Nurses may be your best tool for improving quality of care
Nurses may be your best tool for improving quality of care
Don’t rely too much on policies nurses might overlook
Nurses can greatly improve the quality of care by reporting their concerns about patient care, but all too often, those comments never reach the ears of hospital management or quality leaders. Even when you have policies and procedures in place that encourage nurses to report concerns, you might be surprised at how many nurses think no one wants to hear from them.
The problem plagues many hospitals and other health care providers, says Sharon LaDuke, RN, patient documentation analyst at Claxton-Hepburn Medical Center in Ogdensburg, NY. The health care community often talks about "empowerment" of nurses and other staff, and most hospital leaders accept the idea that employees in the trenches should be encouraged to report concerns about patient care. Many facilities even have a policy in place that officially encourages such reporting, sometimes with a specific procedure for doing so.
Most hospitals have developed what administrators would consider plenty of opportunities for nurses to report concerns about patient care, but they might not be working. A policy may look good on paper, LaDuke says, but that won’t necessarily improve the quality of care.
"The leaders are very aware of these policies and imagine that those resources also are very available to the nurses. But nurses don’t participate in these processes at the level that makes them intimately familiar with them," she says. "They didn’t sit in on a committee that formulated them, and they don’t have time to study the policies when they’re handed out. So you have leaders who think they have plenty of resources and processes available, but the nurses are not sufficiently aware and comfortable with those processes."

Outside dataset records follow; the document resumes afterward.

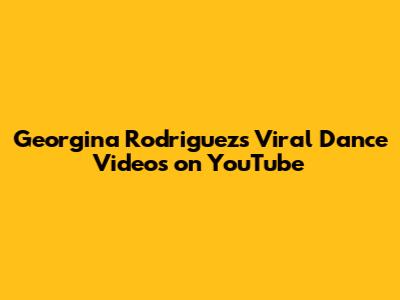 Georgina Rodriguez's Viral Dance Videos on YouTube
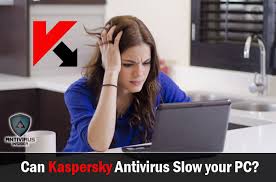 Can Kaspersky Antivirus Program Slow Your Computer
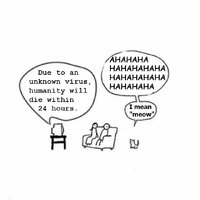 Due to an unknown virus humanity will die within 24 hours I mean meow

As a result, nurses often don’t use the reporting systems that the hospital has set up, she says. And then, the hospital leaders often think that a lack of reports means there are no problems.
"I recently asked a lawyer at another facility about a hotline they set up for staff to report their concerns anonymously," LaDuke says. "He said the only calls they’d gotten were from visitors. No one was using the hotline the way the hospital leaders expected."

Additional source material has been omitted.